Use Data Transmission Service (DTS) to stream incremental changes from an ApsaraDB for MongoDB replica set instance directly into a Function Compute function. Each INSERT, UPDATE, DELETE, and DDL event is delivered in Canal JSON format, so your function code can process, transform, or forward the data downstream without building a separate consumer layer.
Prerequisites
Before you begin, make sure you have:
An ApsaraDB for MongoDB replica set instance. See Create a replica set instance.
A Function Compute service and function with Handler Type set to Event Handler. See Quickly create a function.
Billing
Incremental data synchronization is a paid feature. See Billing overview.
Synchronization type | Task configuration fee |
Incremental data synchronization | Charged. For more information, see Billing overview. |
Limitations
Source database
| Constraint | Details |
|---|---|
| Bandwidth | The server hosting the source database must have sufficient outbound bandwidth; otherwise synchronization speed is affected. |
| Primary key or unique key | Collections to be synchronized must have a PRIMARY KEY constraint or UNIQUE constraint, and all fields must be unique. Without this, the destination function may receive duplicate records. |
| Single record size | 16 MB maximum per record. DTS reports an error for larger records. Use the extract, transform, and load (ETL) feature to filter out large fields. |
| Collection count | Up to 1,000 collections per task. For more than 1,000 collections, configure multiple tasks or synchronize at the database level. |
| Unsupported sources | Azure Cosmos DB for MongoDB clusters and Amazon DocumentDB elastic clusters are not supported. |
| oplog / change streams | The oplog must be enabled on the source database and retain at least seven days of log data, OR change streams must be enabled to cover the past seven days. If neither condition is met, DTS may miss changes, which can cause data inconsistency or loss — this is not covered by the DTS service level agreement (SLA). |
| MongoDB version for change streams | Change streams require MongoDB 4.0 or later. Two-way synchronization is not supported when using change streams. |
| Amazon DocumentDB (non-elastic) | Enable change streams and set Migration Method to ChangeStream and Architecture to Sharded Cluster. |
| SRV endpoints | DTS cannot connect to MongoDB over a SRV endpoint. |
Other limitations
DTS cannot synchronize the
admin,config, orlocaldatabases.Full data synchronization is not supported — incremental only.

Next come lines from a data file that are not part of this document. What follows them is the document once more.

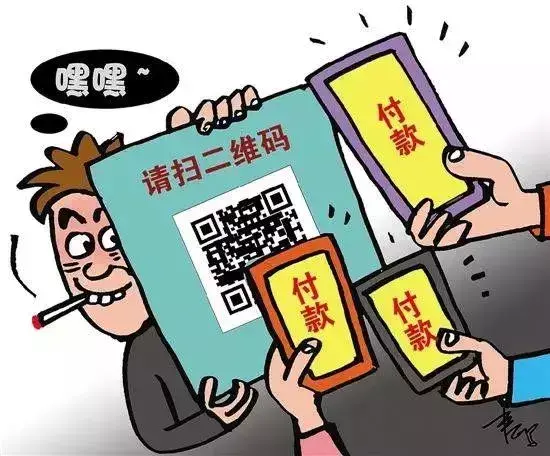 药店晒单是什么意思(收货晒单是什么意思)
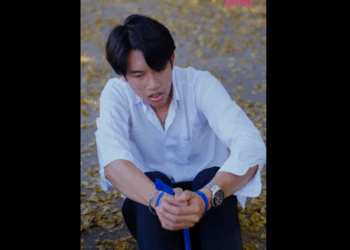 N0410022_อย าต ดส นใครแค ฉากเด ยว าย งไม รอบด าน_part2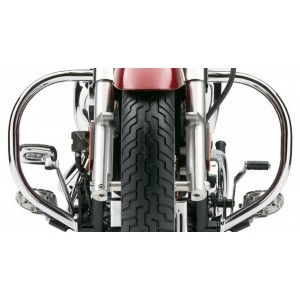 Дуги Cobra Freeway для VStar 250 07-09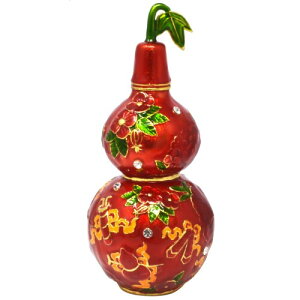  bh AoX E[E[  n[j[&oX a z[ ItBX   Ђ傤 VN a Mtg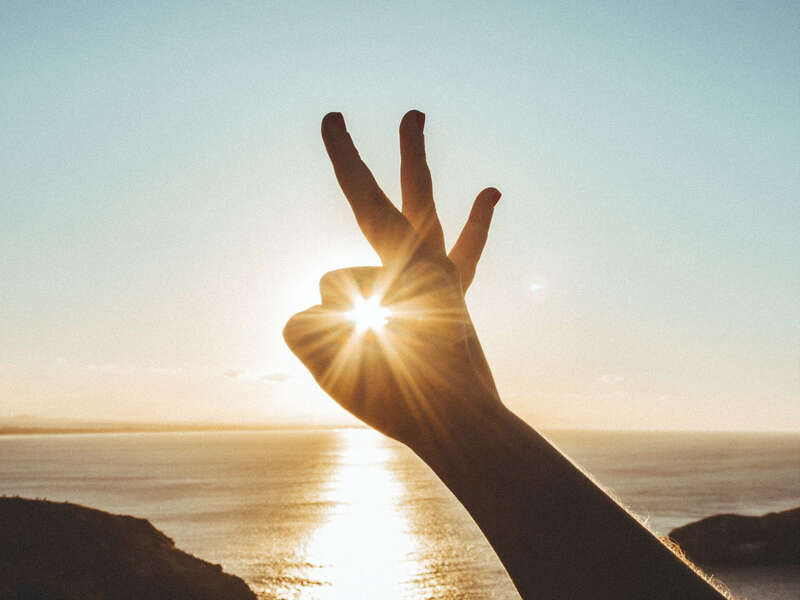 main_soleil_couchant20190118-2761099-yp7uib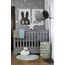 Bellamy Ines postýlka 140×70 Neutral Gray, Rozmiar: 140x70, Kolor: Neutral Gray, 4 zdjęcie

Cross-region synchronization is not supported.
The object name mapping feature is not supported.
Assign only one DTS task per destination function to avoid data errors.
Transaction context is not preserved. Each transaction is converted to individual records.
If a DTS task fails, DTS technical support attempts to restore it within 8 hours. The task may be restarted and task parameters (not database parameters) may be modified during restoration.
Special cases (self-managed MongoDB)
A primary/secondary switchover while the task is running causes the task to fail.
Synchronization latency is calculated from the latest synchronized record's timestamp versus the current source timestamp. If no writes occur on the source for an extended period, the reported latency may be inaccurate. Write a record to the source database to refresh the latency reading.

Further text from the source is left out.